3) Święta Wielkanocne swymi korzeniami sprowadzają się w swej genezie do bałwochwalczych świąt pogańskich (por. Strażnica nr 7 z 1996 roku, str. 5).
SJ są niekonsekwentni, bowiem z jednej strony twierdzą, że chrześcijanie dlatego zaczęli świętować niedzielę Wielkanocną, żeby upamiętnić dzień Zmartwychwstania Chrystusa (por. Strażnica z 15 marca 1994, str. 4) a z drugiej strony twierdzą, że do świętowania Zmartwychwstania Jezusa skłoniły chrześcijan zwyczaje pogańskie na cześć teutońskiej bogini wiosny (por. Świadkowie Jehowy a szkoła, Brooklyn 1990, str. 19). Widać w tej argumentacji żenującą sprzeczność i wyraźną niekonsekwencję.
Inne z publikacji ŚJ, cytują różne opracowania świadczące o tym, że nawet gdyby chrześcijaństwo przejęło jakieś zwyczaje Wielkanocne z tradycji ludowych to tym samym nie zaadoptowałoby pogaństwa, ale by je wyeliminowało. Wyżej przytaczane Prowadzenie rozmów....., podaje:
„Chrześcijaństwo wyparło szereg pogańskich świąt wiosennych, ale zachowało wiele zwyczajów świątecznych, nadając im odmienną symbolikę” (str. 366).
Podobnie podaje Strażnica nr 7 z 1996 roku: „Nie ma cienia wątpliwości, że pierwotny Kościół przejął stare pogańskie rytuały i nadał im chrześcijańską treść” (str. 4).

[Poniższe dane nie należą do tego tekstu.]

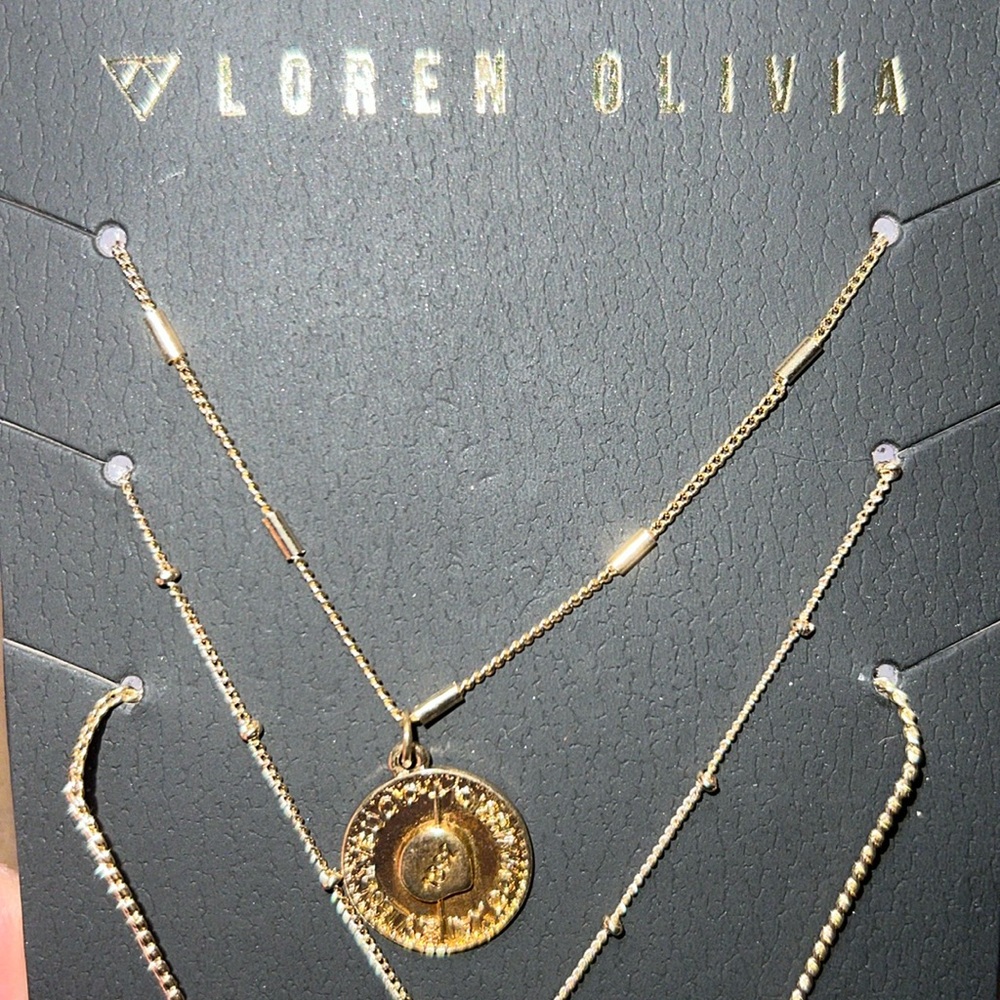 NWT Ladies’ Loren Olivia Set of 3 Necklaces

Następnie, zarzut, że chrześcijaństwo cokolwiek w swych zwyczajach świątecznych uświęciło i przejęło ze zwyczajów ludów niechrześcijańskich nie ma znaczenia z punktu widzenia starotestamentalnych świąt biblijnych, które zostały przez Izrael zaasymilowane w ten sam sposób. John Bright, wykładający na Uniwersytecie w Richmond w Virginii, będąc zarazem specjalistą z zakresu historii Izraela podaje:
„Księga Przymierza (Wj 23, 14-17; 34, 18-24) wymienia trzy święta, w czasie których czciciel miał stanąć przed obliczem Jahwe. Są to święta: Przaśników (i Paschy), Tygodni i Żniw. Wszystkie były o wiele starsze niż Izrael i, oprócz Paschy, miały pochodzenie rolnicze. Izrael zapożyczył je z zewnątrz, co nie jest niczym dziwnym“ (John Bright, Historia Izraela, Warszawa 1994, str. 173).
Jeśli więc argument ŚJ podkreślający „pogańskie pochodzenie“ Świąt Wielkanocnych jest słuszny, to tym samym argument ŚJ uderza w starotestamentalne święta Izraela.
Z tych wszystkich powodów jakie wymieniono wyżej główne zarzuty ŚJ przeciw świętom Wielkanocnym są jawnie bezpodstawne.